→ **The problem**
Your copy of the listing should be exact and should contain no pictures.

→ **Data below**
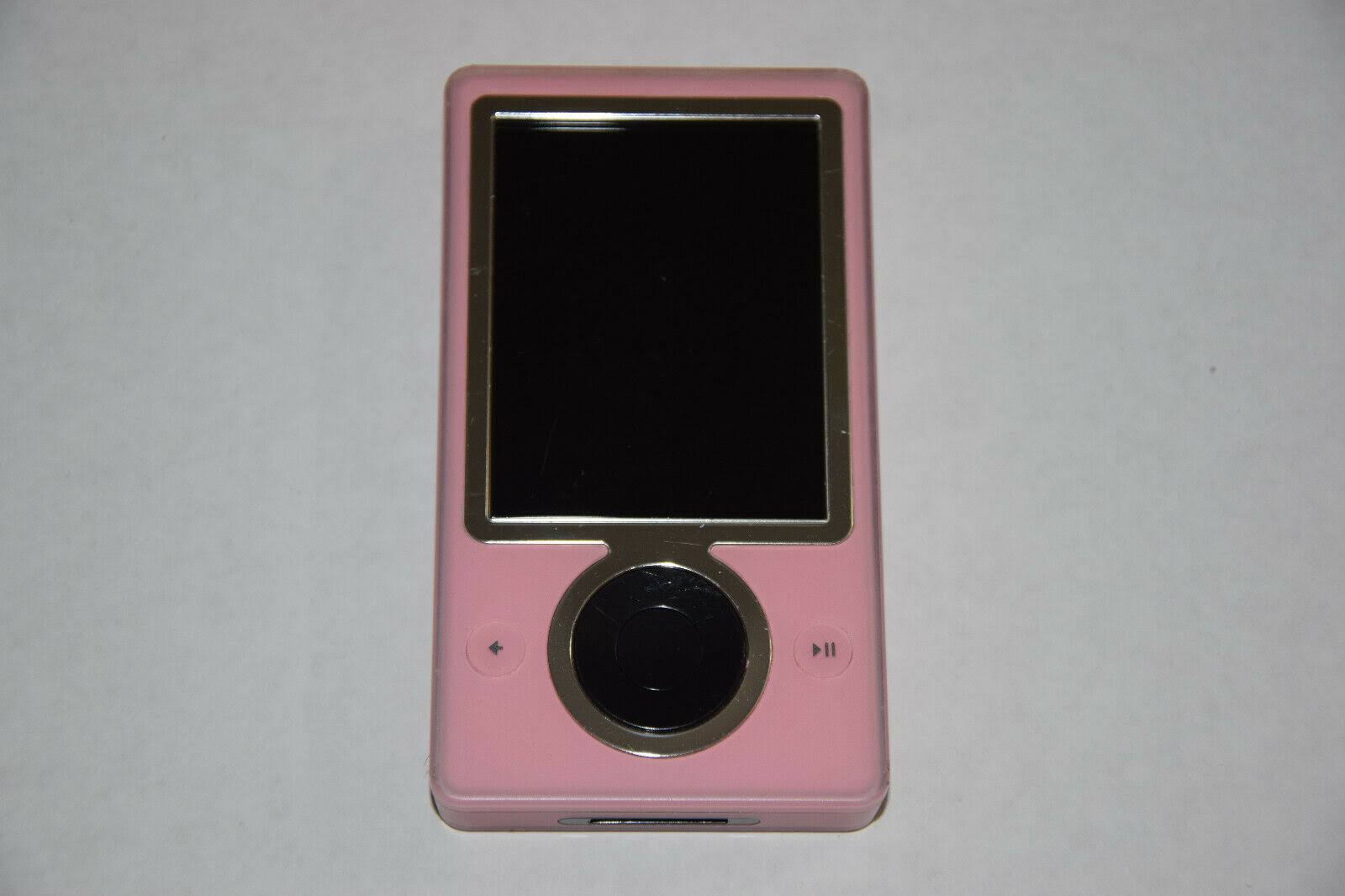 Zune 30 GB Digital Media Player Pink Y910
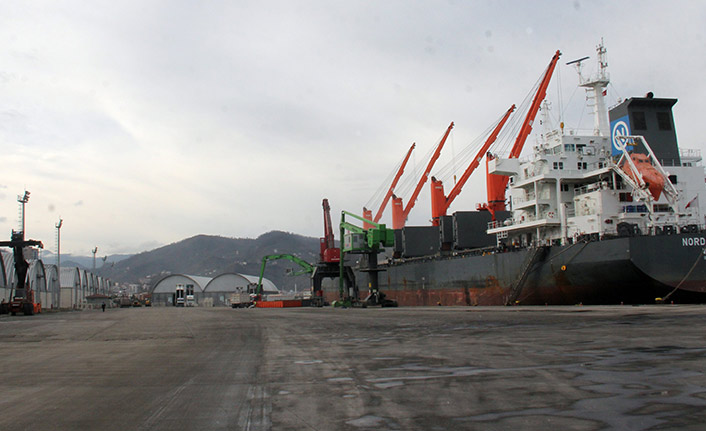 Giresun Limanı 2021 yılı için hedef büyüttü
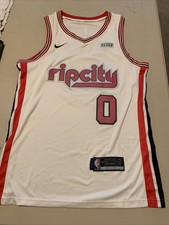 lillard cream jersey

→ **Written reply**
 Zune 30 GB Digital Media Player Pink Y910
 Giresun Limanı 2021 yılı için hedef büyüttü
 lillard cream jersey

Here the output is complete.